The Nigerian Representative, Institute of Certified Forensic Accountants, Dr. Richard Mayungbe, explained that discerning investors could make more money in 2018 if they invest in banks, fast moving consumer goods firms and some manufacturing firms.
He said, “If I were to advise anybody with money to invest this New Year, I would tell him or her to go for fast moving consumer goods. This is because most of the funds that will be released by the politicians will go into consumption; so if you have some money to invest, look for consumables, food and beverages that are in high demand and invest in them.”
A stockbroker and fund manager, Mr. Emmanuel Okechukwu, said the Federal Government must maintain consistency in its policies, stressing that this was key to attracting investors.

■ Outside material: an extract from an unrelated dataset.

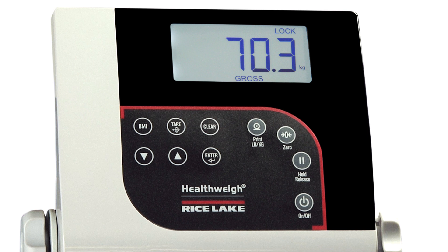Rice Lake Digital Physician Scales are capable of displaying weight in either kilograms or pounds. However, the indicator can be locked into kilogram-only or pound-only display mode. This prevents the operator from inadvertently switching units of measurement.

“When government increased the price of fuel in 2016, it said subsidy on fuel had been removed and that market forces would now determine how much petrol is sold for. But now, the Nigerian National Petroleum Corporation is the only one importing fuel. Can you imagine that, if based on the government’s statement that it had stopped subsidising petrol, a local investor had invited some international partners to be involved in an oil and gas business and they had borrowed money from the bank to build petrol stations only to be told now that the government has gone back to its former subsidy policy. How would they feel? We should stop politicising everything,” he said.
Meanwhile, a total turnover of 2.417 billion shares, worth N18.813 billion, were traded in 20,874 deals during a four-day transaction last week on the floor of the Exchange, in contrast to a total of 1.310 billion shares, valued at N12.635 billion that exchanged hands the previous week in 9,016 deals.
The Financial Services Industry (measured by volume) led the activity chart with 1.677 billion shares valued at N8.734billion traded in 13,033 deals; thus contributing 69.39 per cent and 46.43 per cent to the total equity turnover volume and value respectively.
The Conglomerates Industry followed with 536.922 million shares, worth N1.258 billion in 1,288 deals. The third place was occupied by Consumer Goods Industry, with a turnover of 100.460 million shares, worth N6.951 billion in 3,426 transactions.
Trading in the Top Three Equities namely: Transnational Corporation of Nigeria Plc, Diamond Bank Plc and Skye Bank Plc (measured by volume) accounted for 1.193 billion shares worth N1.681 billion in 2,957 deals, contributing 49.37 per cent and 8.93 per cent to the total equity turnover volume and value respectively.
Also traded during the week were a total of 305, 604 units of Exchange Traded Products (ETPs), valued at N3.498 million executed in eight deals, compared with a total of 276 units, valued at N9,865.34, that was traded last week in 12 deals.
A total of 2,162 units of Federal Government Bonds, valued at N2.016 million were traded this week in nine deals, compared with a total of 422,672 units, valued at N436.190 million transacted last week in 20 deals.
The NSE’s All-Share Index and Market Capitalisation appreciated by 1.78 per cent to close the week at 38,923.26 and N13.851 trillion respectively.
Similarly, all other indices finished higher during the week with the exception of the NSE Premium, NSE ASeM and NSE Lotus II Indices that depreciated by 0.58 per cent, 1.44 per cent and 0.82 per cent respectively.
Fifty-five equities appreciated in price during the week, higher than 32 of the previous week. Twelve equities depreciated in price, lower than 25 equities of the previous week, while 105 equities remained unchanged, lower 115 equities recorded in the preceding week.